Nora Bengoa-Vergniory, Research fellow at Oxford University discussed 'CLR01 protects dopaminergic neurons in vitro and in vivo in mouse and human models' and Anke Van der Perren, Postdoc at KU Leuven presented 'In vivo characterization of distinct patient-derived alpha-synuclein strains'

Nora's presentation featured:
Molecular tweezers have shown high potential as anti-aggregation agents targeting positively charged residues of proteins undergoing amyloidogenic processes. We therefore investigated whether the molecular tweezer CLR01 could ameliorate phenotypes in vitro and in vivo in human and mouse models of PD. In vitro, CLR01 decreased alpha-synuclein aggregation and its associated toxicity in induced pluripotent stem cell-derived dopaminergic cultures. We then tested CLR01 in vivo in a humanized alpha-synuclein overexpressing mouse model; mice treated for two months at 12 months of age, exhibited an improvement in motor defects and a decreased oligomeric alpha-synuclein burden. Finally, CLR01 was able to reduce alpha-synuclein-associated pathology in mice injected with either mouse or human alpha-synuclein aggregates into the striatum or substantia nigra. Altogether, these results highlight that CLR01 represents a possible disease-modifying therapy for PD.
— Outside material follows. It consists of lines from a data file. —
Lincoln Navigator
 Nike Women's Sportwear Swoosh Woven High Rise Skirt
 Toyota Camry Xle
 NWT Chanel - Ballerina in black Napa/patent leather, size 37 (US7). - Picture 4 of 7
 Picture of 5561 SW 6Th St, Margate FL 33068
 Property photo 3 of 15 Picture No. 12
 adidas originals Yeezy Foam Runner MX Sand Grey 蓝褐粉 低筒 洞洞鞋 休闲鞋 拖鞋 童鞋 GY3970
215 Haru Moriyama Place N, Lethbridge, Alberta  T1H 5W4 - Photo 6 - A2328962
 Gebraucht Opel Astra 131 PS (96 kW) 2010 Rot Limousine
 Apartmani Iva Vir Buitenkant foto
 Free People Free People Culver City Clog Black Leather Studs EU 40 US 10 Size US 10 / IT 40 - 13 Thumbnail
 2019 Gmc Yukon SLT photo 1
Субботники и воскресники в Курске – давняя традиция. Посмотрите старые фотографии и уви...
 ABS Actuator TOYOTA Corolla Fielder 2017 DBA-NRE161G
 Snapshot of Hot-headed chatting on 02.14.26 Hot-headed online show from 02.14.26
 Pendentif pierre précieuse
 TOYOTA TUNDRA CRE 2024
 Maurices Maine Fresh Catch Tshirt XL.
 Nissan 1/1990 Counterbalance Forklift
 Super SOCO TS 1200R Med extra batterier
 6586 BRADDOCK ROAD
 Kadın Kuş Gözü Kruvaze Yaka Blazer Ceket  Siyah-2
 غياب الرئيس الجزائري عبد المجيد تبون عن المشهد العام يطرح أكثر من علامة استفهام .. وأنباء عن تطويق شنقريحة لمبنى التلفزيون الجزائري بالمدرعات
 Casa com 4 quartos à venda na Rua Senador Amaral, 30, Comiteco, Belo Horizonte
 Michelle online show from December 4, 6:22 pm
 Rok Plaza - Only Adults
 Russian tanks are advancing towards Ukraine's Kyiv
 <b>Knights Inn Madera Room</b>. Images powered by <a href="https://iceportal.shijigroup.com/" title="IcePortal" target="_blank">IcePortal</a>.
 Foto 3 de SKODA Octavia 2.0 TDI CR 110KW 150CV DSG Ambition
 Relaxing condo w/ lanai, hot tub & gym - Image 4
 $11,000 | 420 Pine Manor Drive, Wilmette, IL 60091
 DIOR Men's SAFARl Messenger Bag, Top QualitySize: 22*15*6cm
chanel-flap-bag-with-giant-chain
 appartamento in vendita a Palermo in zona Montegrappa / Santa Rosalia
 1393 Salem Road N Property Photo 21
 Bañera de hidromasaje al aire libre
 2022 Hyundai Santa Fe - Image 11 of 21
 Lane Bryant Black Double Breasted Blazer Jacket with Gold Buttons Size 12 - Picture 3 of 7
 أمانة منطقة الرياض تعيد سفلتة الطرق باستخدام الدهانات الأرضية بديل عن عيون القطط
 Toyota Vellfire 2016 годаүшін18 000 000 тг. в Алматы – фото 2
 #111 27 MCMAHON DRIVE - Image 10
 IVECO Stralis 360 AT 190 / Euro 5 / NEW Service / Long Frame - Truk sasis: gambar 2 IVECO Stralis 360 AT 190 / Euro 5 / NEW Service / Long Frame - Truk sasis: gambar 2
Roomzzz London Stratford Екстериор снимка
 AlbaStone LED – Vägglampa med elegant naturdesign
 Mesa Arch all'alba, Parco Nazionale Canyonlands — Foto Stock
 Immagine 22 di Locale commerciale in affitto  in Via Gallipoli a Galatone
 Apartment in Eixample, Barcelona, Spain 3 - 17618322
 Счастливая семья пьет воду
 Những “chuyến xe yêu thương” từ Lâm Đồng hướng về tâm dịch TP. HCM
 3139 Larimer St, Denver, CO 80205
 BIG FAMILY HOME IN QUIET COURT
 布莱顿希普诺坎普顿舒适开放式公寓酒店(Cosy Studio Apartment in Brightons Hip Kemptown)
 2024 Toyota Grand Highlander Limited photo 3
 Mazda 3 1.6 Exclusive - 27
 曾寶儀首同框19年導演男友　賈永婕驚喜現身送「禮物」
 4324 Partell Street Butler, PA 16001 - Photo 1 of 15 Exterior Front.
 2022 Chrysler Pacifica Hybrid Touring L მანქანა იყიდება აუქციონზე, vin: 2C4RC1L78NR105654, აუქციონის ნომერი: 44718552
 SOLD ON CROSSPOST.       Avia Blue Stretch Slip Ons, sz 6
Anke's presentation discussed:
The molecular hallmark of synucleinopathies such as Parkinson’s disease (PD), dementia with Lewy bodies (DLB) and multiple system atrophy (MSA) are large αSYN-rich deposits suggestive of one molecular event causing distinct disease phenotypes. We hypothesized that distinct phenotypes in synucleinopathies might correlate to heterogeneity in αSYN strains in patients. Here, we studied the relationship between αSYN transmission, neurotoxicity and neuroinflammation using advanced experimental cellular and rodent models. The αSYN assemblies were purified and amplified from human brain samples of PD, MSA and DLB patients. We found that MSA strains show several similarities with PD strains, but are significantly more potent in inducing motor deficits, nigrostriatal neurodegeneration, αSYN pathology, spreading, and inflammation, reflecting the aggressive nature of this disease. In contrast, DLB strains displayed no or only very modest neuropathological features under our experimental conditions.